The White House has for the last four years determined what’s acceptable as profits in the business community. It’s policies stagnates growth, alienates owners and has forced many employees onto the roles of the unemployed. In Texas, under the leadership of Governor Rick Perry, businesses has flocked to the state in search of a better business climate, better profits and of course, there’s the ‘enterprise fund.’
Texas is viewed as the place to be for businesses and profits, but all is not well around the state when you consider Perry’s proposal to established locked in tuition rates, which sounds good on paper, but lacks details. Perry’s plan have many asking the question, who’s side is he on?
Instate tuition for illegal immigrants in the state already starves profits for the state’s higher learning institutions, but a plan that locks in certain tuition rates, without any regard to the cost of inflation, forces universities into basically, the same scenario as the White House has inflicted upon the business community, under the pretext of reform.

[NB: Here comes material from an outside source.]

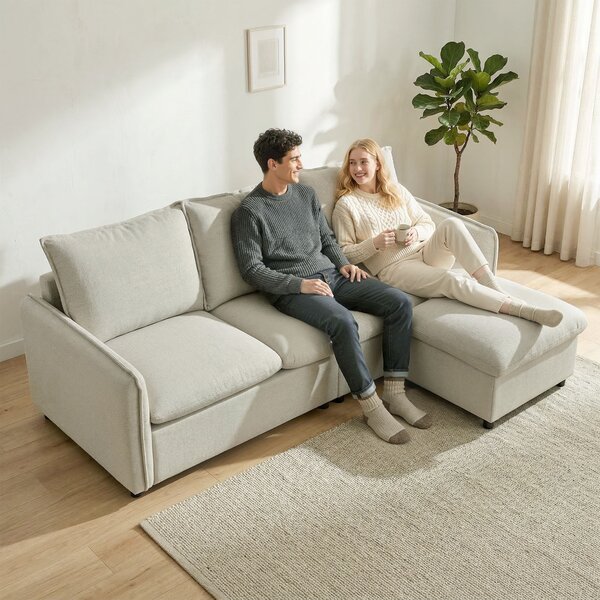 HOMCOM Divano 3 posti con pouf contenitore, divano angolare modulabile 212 cm, cuscini a molle, tessuto in lino, crema | Aosom Italy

University of Texas’s Dallas campus offers an Associate Degree program for ‘$5,796 a semester for 15 hours, according to the university's website.' Perry has offered up a ‘$10,000 bachelor degrees, expanded online teaching and a higher four-year graduation rate.'
Universities may be institutions of higher learning, but they are also in business to make a profit and if you do the math on the above schemes, if Perry gets his way, profits are greatly reduced and as such, without additional funding from the state, universities would be hard pressed to continue anything that resembles excellence.
A San Antonio Express news opinion piece says it best, ‘But there are no one-size fits all solutions to the problems, and efforts must made to ensure the remedies don't do more harm than good.'
If the intent is to force students to complete their degree programs in a timely fashion, in order to make room for future students, it’s not taken into account, the economy, the White House’s immigration policy proposals, or the student’s financial situation.
Perry is quite fond of blasting the White House over this, or that policy, but when the dust settles from his arguments, Texas sees no difference in Austin, or Washington.